From the womb, I’ve had to fight. I’ve been fighting all my life. The only place where I felt some sort of “safety” was in the black church. I remember attending my grandmother’s home church in a diminutive town in Townsville, South Carolina. I remember as a young girl, my great-uncle, Foster Earle, would pick my cousins and I up, in the blue church van, for youth choir practice and I would be so excited because church was my “happy place.” It was an escape from my mother, whom at the time, was dealing with an intense drug addiction. It was a haven of my black expression and individuality.

I remember standing in front of the church and leading songs and how the congregation would marvel at my vigorous voice.

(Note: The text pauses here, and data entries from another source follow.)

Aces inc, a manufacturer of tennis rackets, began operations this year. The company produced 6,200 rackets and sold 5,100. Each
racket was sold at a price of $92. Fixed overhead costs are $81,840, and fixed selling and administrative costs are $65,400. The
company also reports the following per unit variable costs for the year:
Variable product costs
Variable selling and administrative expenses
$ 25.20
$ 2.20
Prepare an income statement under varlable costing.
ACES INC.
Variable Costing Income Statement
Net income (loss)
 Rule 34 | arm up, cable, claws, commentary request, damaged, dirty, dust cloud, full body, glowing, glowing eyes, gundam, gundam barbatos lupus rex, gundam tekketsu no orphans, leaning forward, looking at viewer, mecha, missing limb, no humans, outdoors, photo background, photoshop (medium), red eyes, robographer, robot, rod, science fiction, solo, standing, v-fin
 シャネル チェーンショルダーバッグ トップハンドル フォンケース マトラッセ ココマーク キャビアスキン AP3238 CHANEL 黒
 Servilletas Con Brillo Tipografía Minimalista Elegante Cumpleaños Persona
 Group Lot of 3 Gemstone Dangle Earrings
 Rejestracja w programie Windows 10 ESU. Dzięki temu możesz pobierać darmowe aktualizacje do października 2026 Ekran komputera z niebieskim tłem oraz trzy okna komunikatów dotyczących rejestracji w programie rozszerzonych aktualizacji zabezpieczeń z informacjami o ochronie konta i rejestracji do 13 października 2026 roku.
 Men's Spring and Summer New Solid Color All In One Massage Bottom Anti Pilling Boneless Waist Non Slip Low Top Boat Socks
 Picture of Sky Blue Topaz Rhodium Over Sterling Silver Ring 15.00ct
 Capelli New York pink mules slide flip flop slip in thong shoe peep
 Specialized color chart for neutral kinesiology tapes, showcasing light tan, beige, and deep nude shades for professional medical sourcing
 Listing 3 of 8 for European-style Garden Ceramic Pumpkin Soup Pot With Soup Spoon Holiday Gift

I remember how proud I felt seeing my grandmother, Willie Mae Earle, on the second row clapping her hands gleefully and smiling at me, ready to let anyone and everyone know that, “that’s my grandbaby!”

The black church, was indeed, my happy place.

Although the black church was my “happy place,” as a child, when I became older, my outlook on it changed. It slowly became a system of oppression and eventually I had no other choice but to disengage. The black church, for years, has tried to silence me into submission but because I am a proud unorthodox black feminist; it’ll be a cold day in July before it ever happens.

In my opinion the black church is failing black women. Instead of it being a safe space for black women to worship God freely and unapologetically it has become an oppressive institution that fails to unpack and unlearn its misogynoir.

The black church has become a habitation for sexual predators. It has become a place where black women are being sexually preyed on and even murdered at the hands of men who profess to know and love Jesus Christ; men who weaponize their “faith” for sexual gratification and sadistic perversion.

Yes, the black church fails black women when they refuse to acknowledge these truths. The black church fails black women when they gaslight and victimize us. The black church fails black women when they over-sexualize us. The black church fails black women when they hyper-sexualize us. The black church fails black women when they refuse to protect us. The black church fails black women when they use respectability politics to tone-police and control our narratives. The black church fails black women with these “how to be a wife in 90-days” symposiums. The black church fails black women with these mean girl gatherings disguised as “women empowerment” conferences. The black church fails black women when we are forced to “hide our babies” out of wedlock, while their fathers, still get to operate in ministry. The list is long and nefarious.

I have no doubt in my mind that the black church has the ability to be restored but in order for this to happen accountability must take place; honest conversations must be had. Black women’s platforms must expand in church; our testimonies cannot be tone-policed. The sexual predators, who have reigned for decades, in the pulpit and in the pews, must be removed and prosecuted. This, in my opinion, is the first step to regaining our respect for the black church.

The black church owes black women an apology and the greatest apology is changed behavior.